Claiming large bad-debt deductions leads to tax woes for a taxpayer. Entities that he directly and indirectly owned advanced millions of dollars to related companies from 2007 to 2010. In late 2010, he cancelled many of the loans. On his 1040, he reported cancellation of debt (COD) income, which he then excluded from income because he was insolvent. He also took a nonbusiness bad-debt deduction. But he couldn’t show that the debt became wholly worthless in the year he deducted it. He claimed that the indebtedness first became worthless when the related entities reported COD income on their tax returns, which then flowed to his individual 1040. Neither the Tax Court nor an appeals court bought his argument. The taxpayer must prove the worthlessness of his discharged debts and not presume worthlessness solely on the basis that COD income arose from the discharge (Kelly, 9th Cir.).
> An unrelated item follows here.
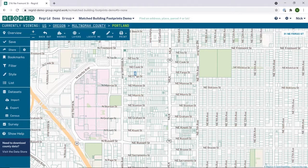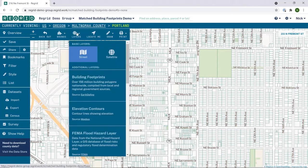In addition to the combined product, we have also added just the building footprints as a map layer to the ReGrid mapping platform for all of our paid customers. This will be a quick walkthrough of how you can access and use this data on the platform.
An abusive syndicated easement transaction suffers a major defeat. An LLC took a $22 million write-off on the donation of a conservation easement. The Tax Court, after approving the appraisal obtained by the LLC as qualified and deciding the LLC was entitled to a deduction, slashed the write-off to $193,250 and imposed a 40% penalty (Beaverdam Creek Holdings, TC Memo. 2025-53).
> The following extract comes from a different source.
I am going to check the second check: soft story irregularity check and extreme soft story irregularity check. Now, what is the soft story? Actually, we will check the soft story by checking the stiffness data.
IRS rules on abusive syndicated easement donations should cool these deals. A 2022 federal statute disallows a charitable contribution deduction to owners of pass-through entities that make qualified conservation easement contributions if the tax write-off exceeds 2.5 times the sum of each owner’s investment in the entity. The law doesn’t apply to easement donations on property held by an entity for three or more years, or if substantially all of the interests in the pass-through are owned by family members. Last year, IRS issued final regs to implement the law.
Donating an easement on inventory property limits the deduction amount. In 2006, a firm bought 2,000 acres of undeveloped land, with the plan to develop it into a residential community. Bad economic conditions caused the plan to go awry. In 2012, the firm contributed an easement on the property to a nature conservancy. The donor claimed a deduction for the full easement value. IRS limited the amount to the donor’s adjusted basis in the easement, claiming the property was inventory. The Tax Court agreed with IRS, and an appeals court recently upheld that decision. Based on all the facts, the donor donated inventory (Glade Creek Partners, 11th Cir.).
Bad news for a Russian post-doc who got paid for laboratory work in the U.S.
Her salary is taxable compensation. It is not akin to nontaxable grants under the U.S.-Russia tax treaty, the Tax Court says. She worked as a research scientist at a university. She was first hired for a post-doc fellowship position and did research for several years in a medical lab. The school received the benefit of her full-time labor as a condition of her receiving ordinary compensation in the form of salary and benefits. Her treaty exemption argument fails, her salary is taxed, and she owes a 20% penalty for substantially understating her income tax (Kramarenko, TC Memo. 2025-61).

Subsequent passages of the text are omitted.